BEGIN Material supplied

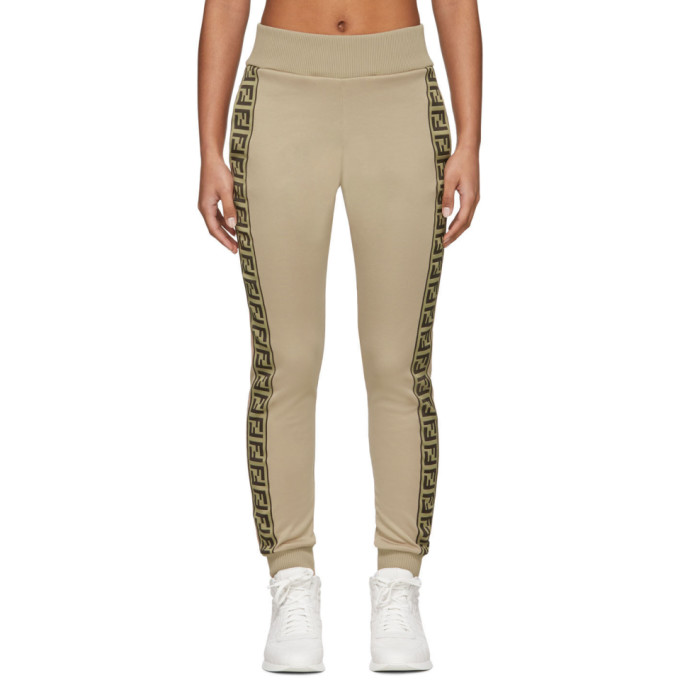 Slim-fit cotton-blend jersey lounge pants in beige. Mid-rise. Two-pocket styling. Rib knit elasticiz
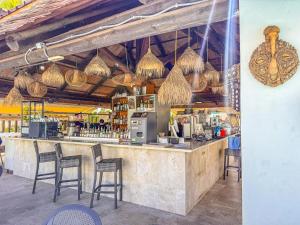 a bar in a restaurant with chairs and a counter at Adeje Paradise dreams in Playa Paraiso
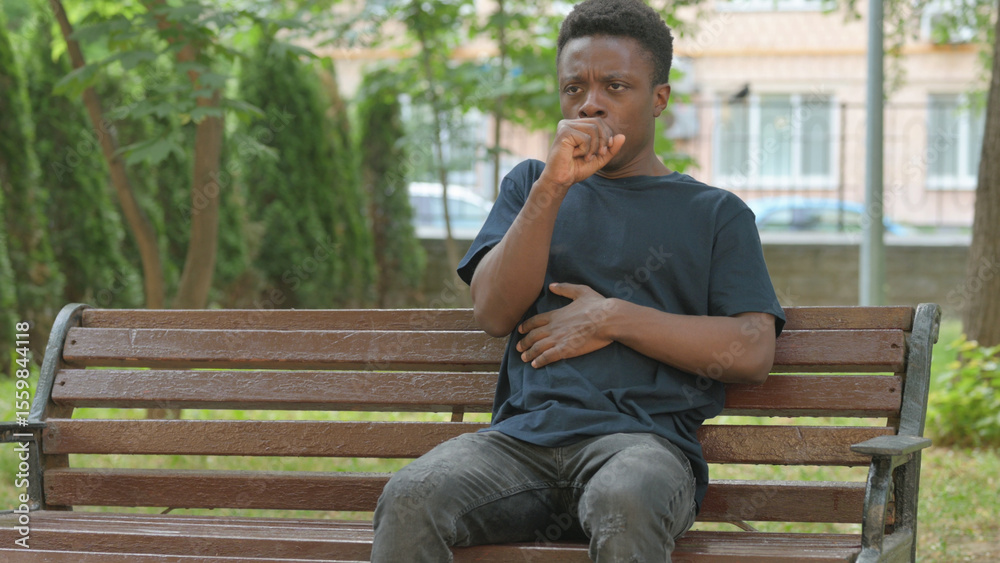 Obraz premium Sick Casual African Man Coughing on a Park Bench
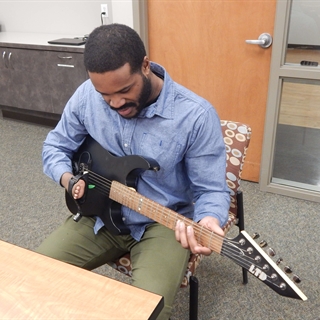 Man with limb difference plays guitar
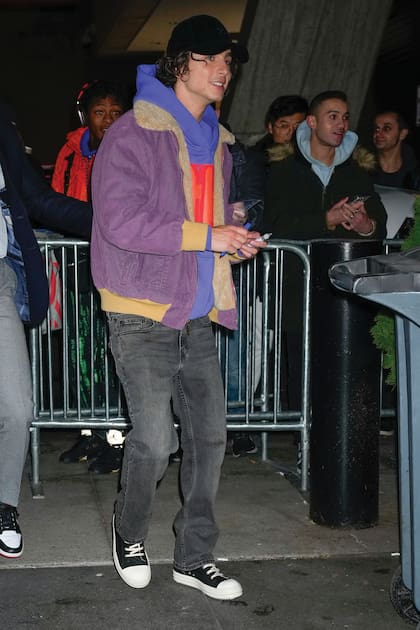 El actor de Wonka eligió un oufit más descontracturado de campera lila, buzo azul con capucha, jeans, zapatillas y gorrita.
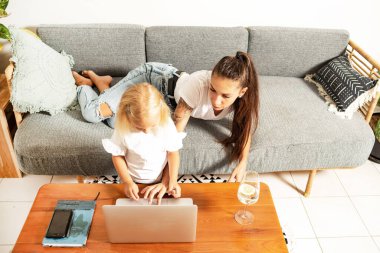 Güzel, genç bir bayan, arka planda küçük bir kızla evde çalışıyor.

END Material supplied

§ **What the task requires**: For each record, return its text exactly and leave any picture out.

§ **Answer to this exercise**:
 Slim-fit cotton-blend jersey lounge pants in beige. Mid-rise. Two-pocket styling. Rib knit elasticiz
 a bar in a restaurant with chairs and a counter at Adeje Paradise dreams in Playa Paraiso
 Obraz premium Sick Casual African Man Coughing on a Park Bench
 Man with limb difference plays guitar
 El actor de Wonka eligió un oufit más descontracturado de campera lila, buzo azul con capucha, jeans, zapatillas y gorrita.
 Güzel, genç bir bayan, arka planda küçük bir kızla evde çalışıyor.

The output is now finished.